Page MenuHomePhabricator

[chronik-client] Implement keepAlive to preserve longlived connections
ClosedPublic

Authored by bytesofman on Nov 21 2023, 19:45.

Details

Summary

Left to its own devices, websockets will disconnect in ~45s if no information is being exchanged between client and server.

Standard practice is to send ping msgs from the client, which the server responds to with pong. These methods are usually standardized.

Such methods are already implemented in chronik-client both in nng and in-node. It is possible to manually implement a ping-pong keepAlive at the app level, instead of in this library. However, it makes sense to do it in chronik-client, which already has a websocket manager that performs other typical websocket mgmt tasks like autoReconnect. It's also easiest to clearInterval on the ping method inside the existing websocket manager, which is already handling onopen and onclose methods.

Traditional TCP keepalive is not practical for websocket connections:
https://stackoverflow.com/questions/23238319/websockets-ping-pong-why-not-tcp-keepalive
https://websockets.readthedocs.io/en/stable/topics/timeouts.html

A ping interval of 30s was selected based on testing connections with NNG chronik websocket. Running for 5 min, a ping interval of 30s showed no disconnects (vs no ping interval would show 3-5). Disconnects were observed with a ping interval of 45s.

This diff does not prevent disconnects which may still happen for a variety of network reasons. App developers are expected to handle the disconnect event and recovery methods to catch missed events.

Test Plan

npm test, tests pass, terminal does not hang (confirming the interval is cleared by ws.close())

Diff Detail

Repository
rABC Bitcoin ABC
Lint
Lint Not Applicable
Unit
Tests Not Applicable

Event Timeline

Fabien added inline comments.
modules/chronik-client/README.md
74 ↗(On Diff #43204)

What do you think about making this an integer that holds the interval, and use 0 to disable the feature ? This makes it possible for various use cases to adjust the interval. You can always set a 30s default if unset, if you find this useful.

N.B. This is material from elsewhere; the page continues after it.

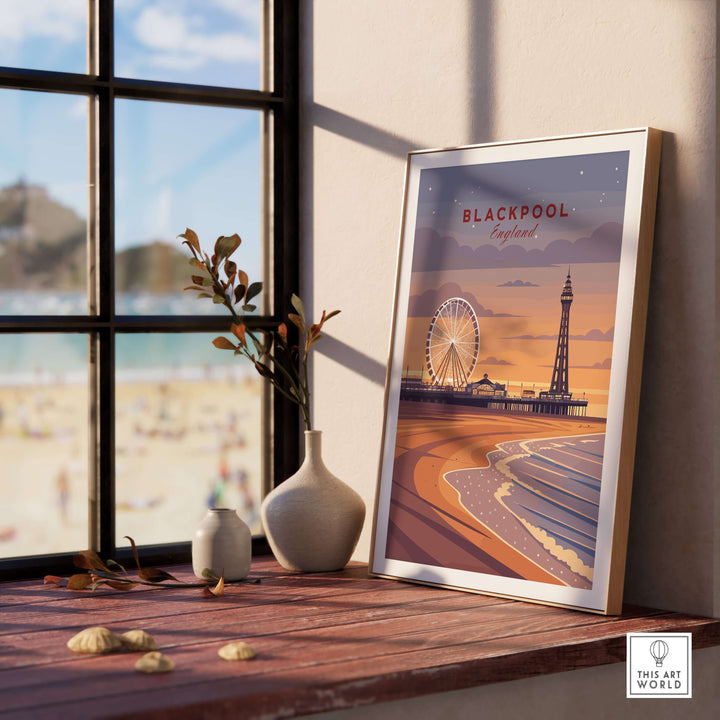 Blackpool Print | UK Coastal Wall Decor displayed on a wooden shelf with a beach view in the background.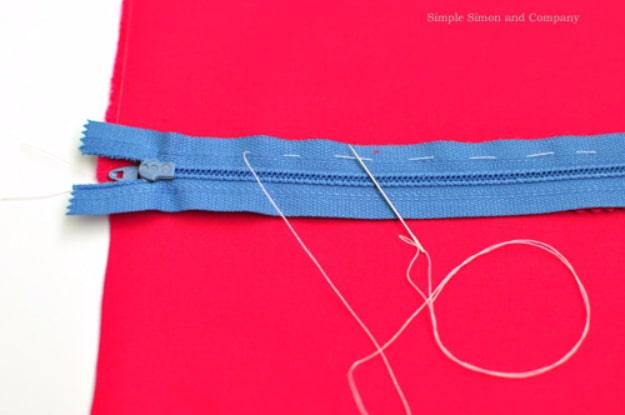 A blue zipper basted onto red fabric with long white running stitches, with a needle and thread alongside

modules/chronik-client/README.md
74 ↗(On Diff #43204)

This would probably be a better feature, esp for power users who are (probably) most users of chronik-client, but would take some validation.

I don't think we can expect the avg chronik-client user to know what the interval value should be. Once we have to validate for "must be at least 20 seconds" ... might as well just fix it at a value that is working well empirically.

If we see that the number needs to be changed frequently or 30s is not effective in all use cases, can add this later.

I don't think we can expect the avg chronik-client user to know what the interval value should be. Once we have to validate for "must be at least 20 seconds" ... might as well just fix it at a value that is working well empirically.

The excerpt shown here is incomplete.